:: Data section ::
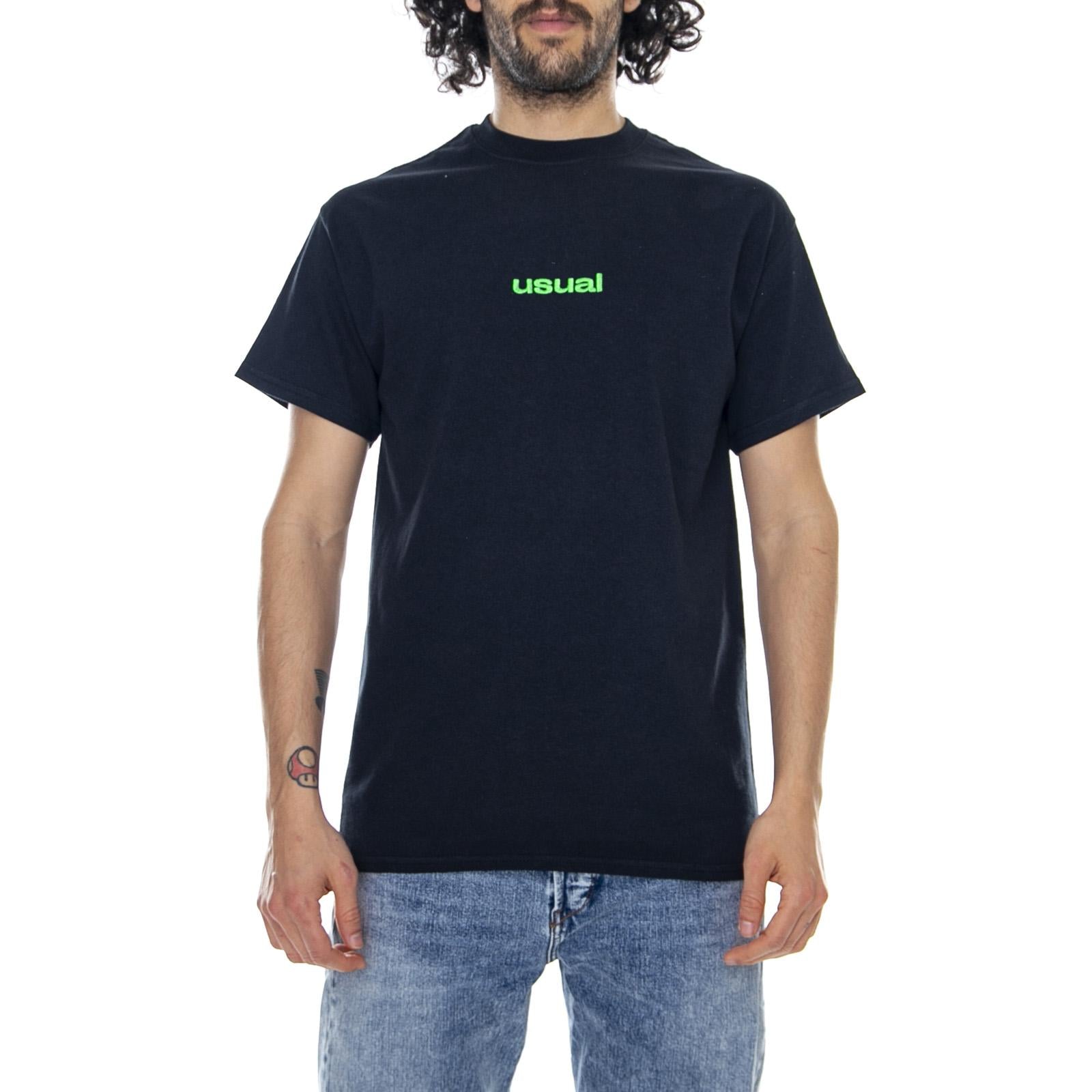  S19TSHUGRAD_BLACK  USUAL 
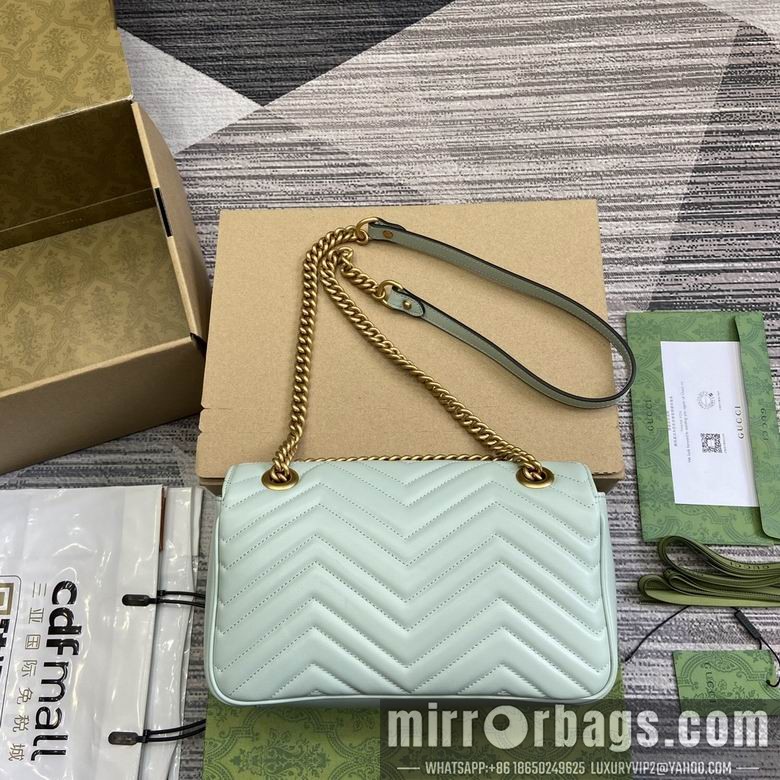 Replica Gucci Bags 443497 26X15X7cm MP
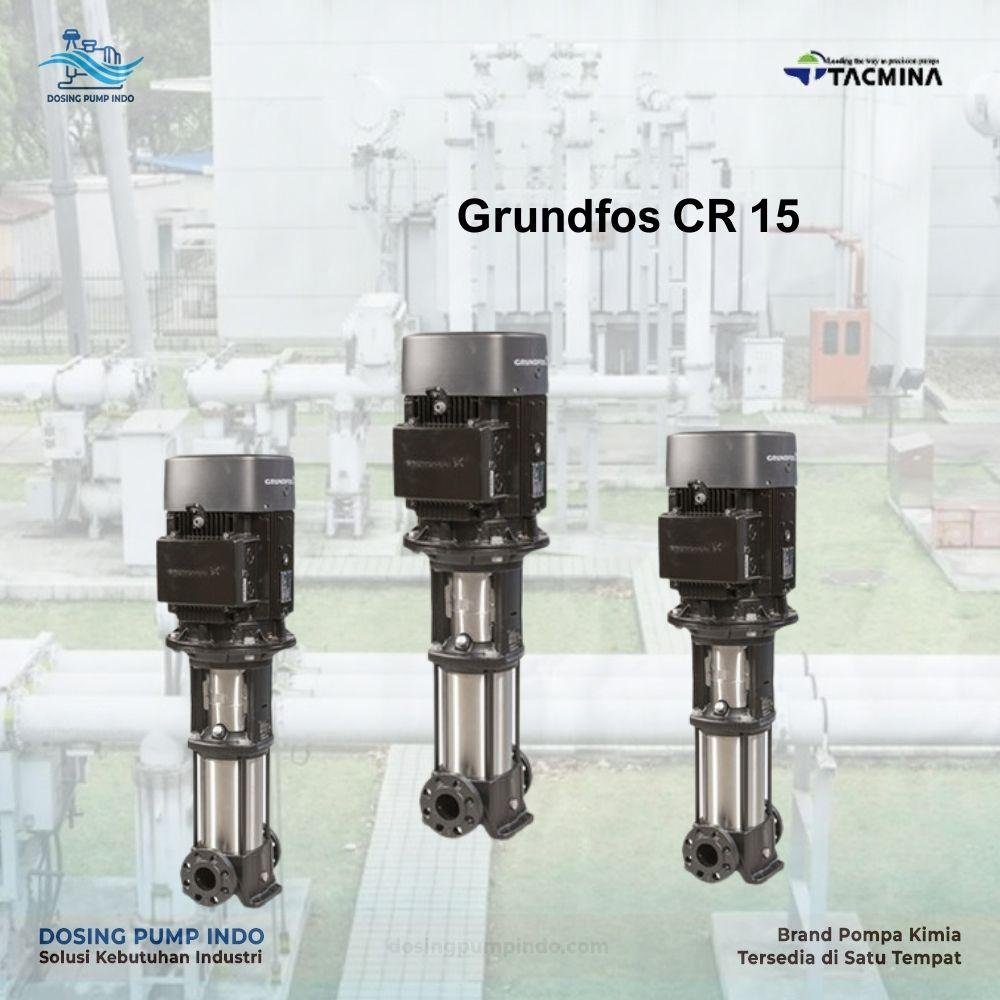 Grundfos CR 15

:: Task to carry out ::
Without including a single picture, restate all of the data word for word.

:: Your response ::
  S19TSHUGRAD_BLACK  USUAL 
 Replica Gucci Bags 443497 26X15X7cm MP
 Grundfos CR 15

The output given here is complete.